What's Wrong With Being Lazy?
When I was in Lake Charles, Louisiana a few weeks back, a topic of discussion that came up in several different contexts was the way the local Cajun population was considered. They are a minority and are pejoratively labeled with many of the negative properties we find attached to other sub-populations, especially laziness. I began to wonder why it is that we consider laziness to be such a bad thing. Why do we vilify enjoyment of life, demanding a preference for toil over happiness?
This, of course, is hardly an original question. It is one discussed at length by Max Weber.
It was a well discussed fact of Europe in the late nineteenth century that a significantly larger percentage of high paying jobs, especially managerial jobs with authority, were held by Protestants, while Catholics tended to do the lower paying, dirtier, more physical labor.

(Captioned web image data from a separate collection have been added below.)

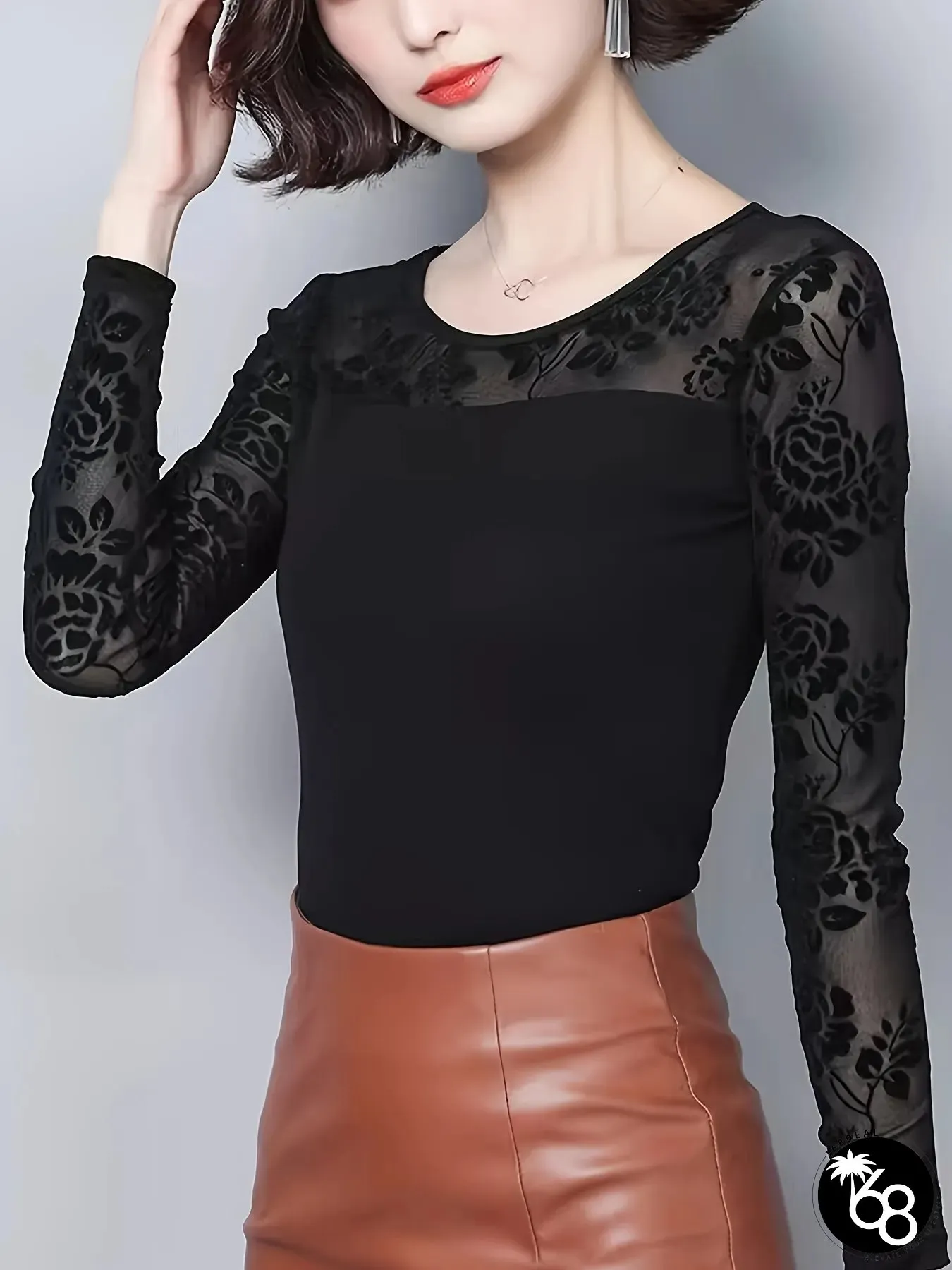 Womens Floral Print Sheer Mesh Long Sleeve T-Shirt Sexy Semi-Sheer Round-neck Blouse | 168DEAL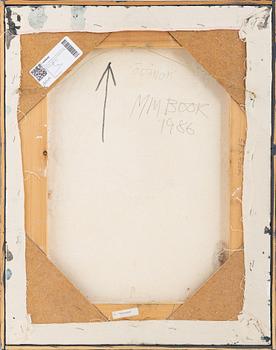 Max Mikael Book, oil/mixed media on canvas, signed and dated 1986 verso.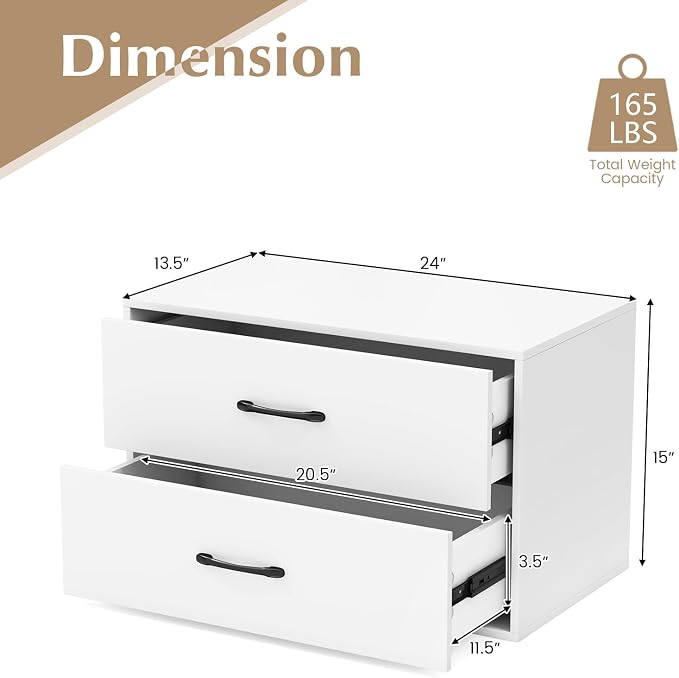 2 Drawer Lateral File Cabinet, Stackable Home Office Drawers, Under Desk Printer Stand, Low Storage Organizer, Horizontal Wooden Filing Cabinet for Study Living Room, No Wheels (1, White)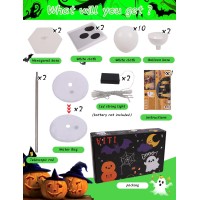 Halloween Light Up Ghost Kit 2 Pack Diy Halloween Decorations Spooky Ghost Decor With 20 Led Lights Battery Operatedadjustabl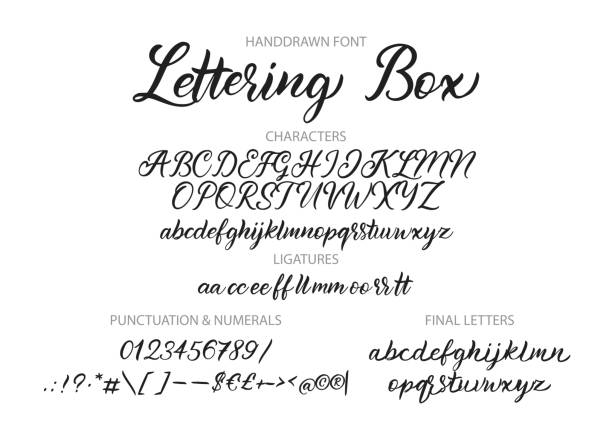 Hand drawn vector alphabet with letters, numbers, symbols. Cute hand drawn vector alphabet ABC font with letters, numbers, symbols. For calligraphy, lettering, hand made quotes. calligraphy alphabet styles drawing stock illustrations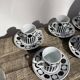 6 Vintage 90s Black and White Coffee Cups Geometric Patterns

This regularity held across national borders in pluralistic societies with generally different cultural historical narratives. Much time and space, especially in Catholic publications, considered why this might be.
Max Weber, in his book The Protestant Ethic and the “Spirit” of Capitalism, takes up this question, deeming it to be the sort of issue designed for the sociologist. In the first part of the book, Weber begins by debunking a number of seemingly reasonable hypotheses that seek to explain the phenomenon. For example, one might suppose that the hierarchical structure of the Catholic Church, as opposed to the diffusion of power in Protestantism, might put religion in a prominent place that would leave little room for financial concerns. But Weber points out that while Protestantism has removed a central authority, it has in fact replaced one authority with another that puts a religious spin on every aspect of life. Similarly, one might think that the difference is one of theology, in which the doctrinal beliefs stemming from the Reformation encourage the sort of money-making interests that were reported in the Protestant community. But examinations of early Protestant doctrine, indeed shows quite the opposite. And so it goes with several possible explanations.
Weber took America, particularly the writings of Benjamin Franklin, as prime examples of the statement of the Protestant work ethic wherein making money is not seen as a means to a better life, but as a moral imperative that governs the very process of living itself. The Protestants made more money, but they did not seem to enjoy it; indeed, the enjoyment of the wealth they slaved so hard to achieve was seen as sinful. It is in the ethical framing of Franklin’s language that Weber finds the sociological clue for what he claims to be the best explanation for the capitalist leanings of Protestants and the non-material lifestyles of Catholics. As the Protestants gained political power, they began to frame those sorts of behaviors that benefited them as a group in moral terms and thus the basic concepts of capitalism became internalized within the structure of society and within the consciousnesses of its members. It was not the religious that determined the economic, but rather, the other way around. The interesting question for the sociologist, then, is how such normative structures that determine how a person lives, acts, and feels in society come to be.
He traces the move to Luther’s notion of calling. In Catholicism, one’s calling takes one out of the world. The secular is to be left behind, to be transcended. But Luther elevates the secular to the status of the sacred. All work can be divine and this change permeates the boundary that the Catholics had placed between inferior worldly work and that which was Divine, now the Divine was contained within the ordinary and this meant that even the economic could be brought under the umbrella of the religious. Hence one was not working for the earthly rewards (those were to be avoided), but rather working for the sake of working, a notion to be encouraged by the nature of the social relations in an emerging Capitalist society.
The ethos of hard work for the sake of hard work then becomes internalized so that even the "colorless deist" as Weber refers to Franklin, has been sociologically conditioned to approach labor as an act with a degree of fetishism.
Certainly the long way around the barn to ask the simple question, is there anything virtuous about the person who works hard and is there anything morally wrong with the slacker?